Krieg described the show as taking “characters who can be super serious but can be put in ridiculous situations,” as well as the reverse for characters like Plastic Man. “The threat is always real, but there may be a left turn in it,” he said.
Lukic said the pilot “pretty much encapsulates what the show is” but has more humor than a lot of episodes, which he said are more action oriented. “Nothing as dark as what’s going on [in other media] in the DC Universe,” he said.
Glines said that, when designing characters, he started from the idea of Bruce Timm’s iconic designs and built from there.
“Part of my challenge in my 25 years playing the character,” Conroy said of voicing Batman, “is keeping it consistent and keeping it fresh.” From “TAS” to the “Arkham” games, Conroy said that the important thing is consistently.
“He’s a character that’s dark, but he’s so dark, that if you twist it a little, it’s very funny,” he said, which comes in handy for lighter situations.
Bader said he was given “a lot of rope” for Booster Gold. “So I made him French,” he joked. “I’m actually going to change countries every episode. The Slovenia one is a lot of fun.”
“Booster really looks up to Batman,” Bader said, describing it as “hero/father relationship.” “It actually hurts him when Batman criticizes him and calls him a child — he is a child, but it still hurts to hear him call him that.”
Burnett said the opening scenes would typically be “action-packed,” and viewers would find out shortly thereafter how the heroes got into the situation.
“All the things I couldn’t do on ‘Superfriends,’ I could do on this show,” Burnett said of his long career in animation.
“JL Action” will allow for unusual pairings of heroes, which Lukic said “feels right” for the series and is a departure from “Unlimited,” which focused on the core seven Leaguers.
Of Mark Hammill, Conroy said, “I wish people could see him, what he does when he’s in the booth.” “He becomes the Joker,” Conroy said.
“He’s a generous actor,” Conroy added. “He knows that the more you give, the more you’ll get. He gives me so much in recording, which inspires me to give so much more back.”
Conroy compared his acting relationship with Hammill to friends who haven’t seen each other in a while picking up where they left off. “There’s no catch-up time.”

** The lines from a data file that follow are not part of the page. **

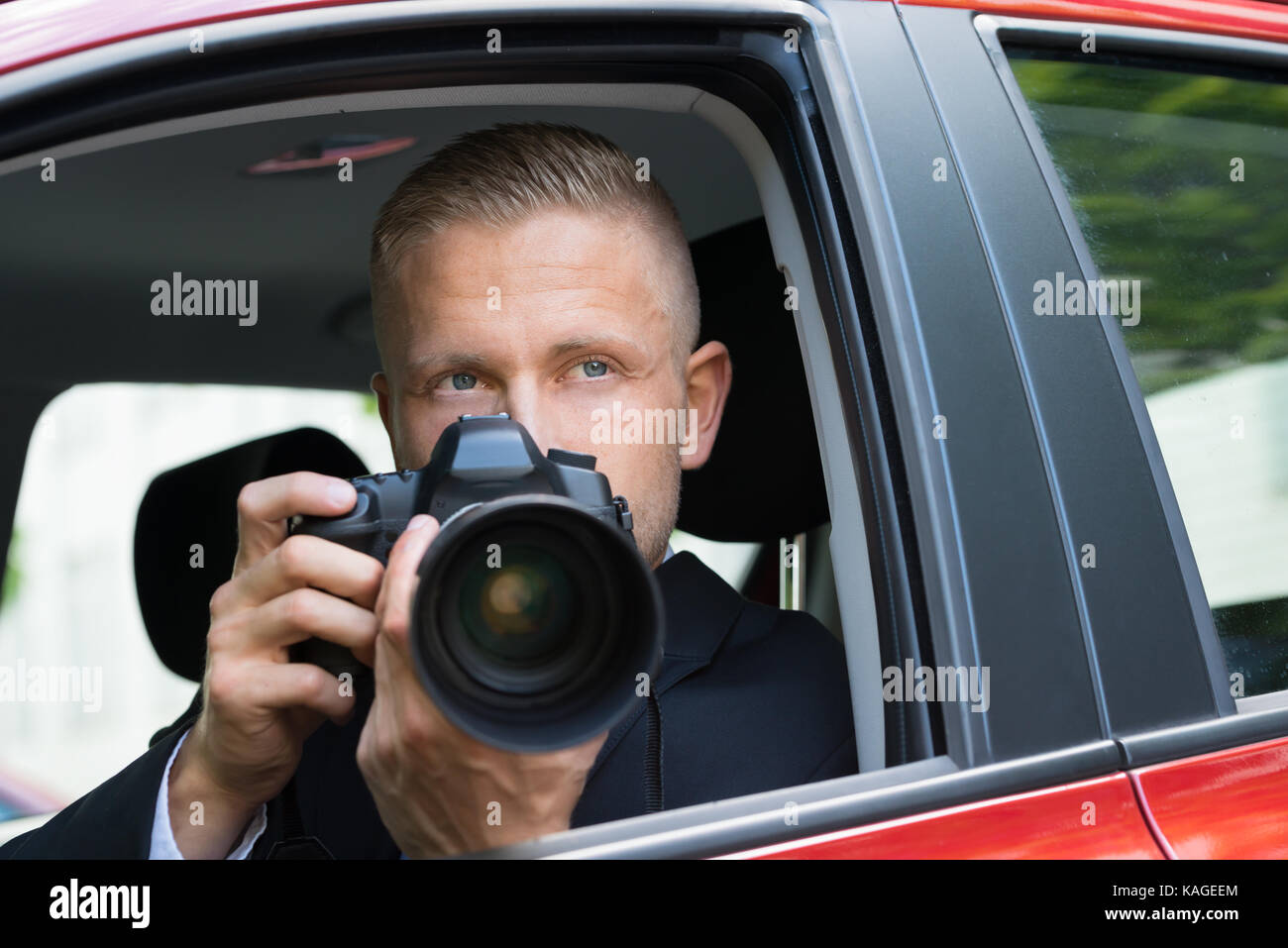 Close-up Of A Male Driver Photographing With Slr Camera From Car Stock Photo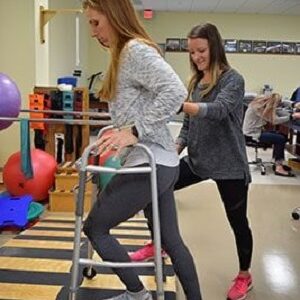 physical therapy assistant helps patient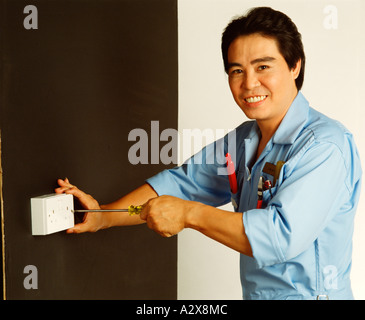 Chinese tradesman electrician demonstrating fitting electrical socket high wall placement. Stock Photo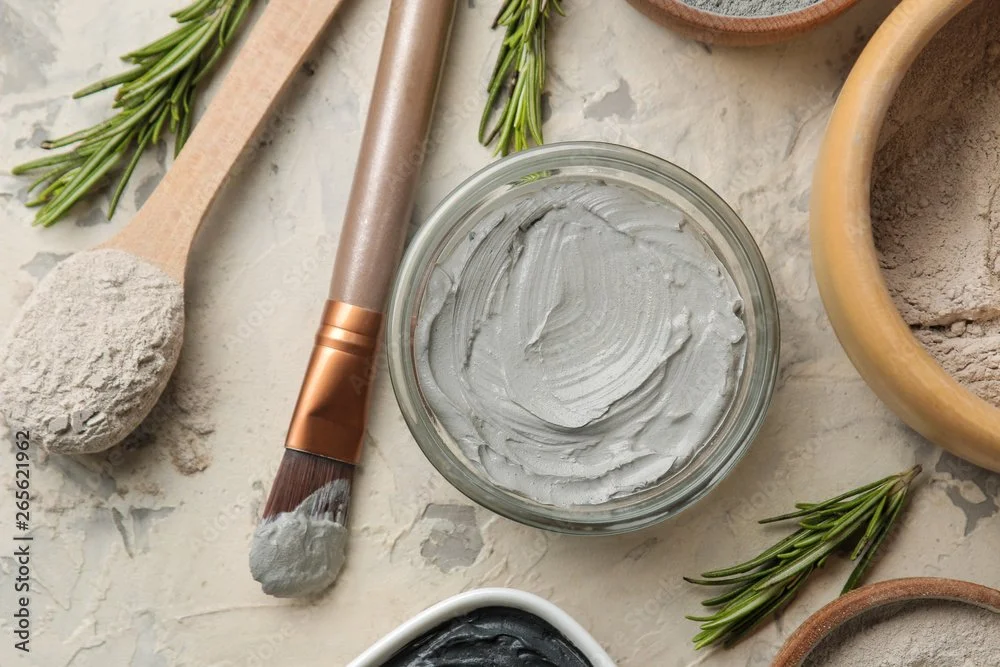 A glass jar of gray clay facial mask surrounded by herbal sprigs, a wooden massage roller with clay on its brush, and bowls of clay powders on a textured surface.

Bader joked that he merely “played” Batman on “Brave and the Bold,” while Conroy is Batman. Like “Brave and the Bold,” though, Bader likes that “Action” will feature many less well-known characters from throughout the DC Universe.
Patton Oswalt will play Space Cabbie, Lukic said, and Krieg said that Hannibal Buress will play Mr. Terrific. “He’s terrific — I wasn’t even set up for that joke!”
Asked about musical numbers or a full episode, Conroy joked that, “Oh yes, I can guarantee Batman will have many musical numbers.” Unfortunately, he confirmed he was, in fact, joking.
A fan asked about Ted Kord, but Krieg said he does not appear in season one. “He can appear in season two, when you demand him in season two, when you demand that there be a season two.”
Asked about the “JLU” episode in which Batman sings “Am I Blue.” He sang a bit, then said that voice director Andrea Romano “knows I love to sing,” and set up a situation where it would make sense.
A fan asked “what it would sound like if both Batmen had lunch together.”
Conroy: “I’m gonna have a roast beef on rye.”
Bader: “I don’t know if you should order that.”
Lukic said “there currently is no Robin on the show,” but would probably appear in a second season.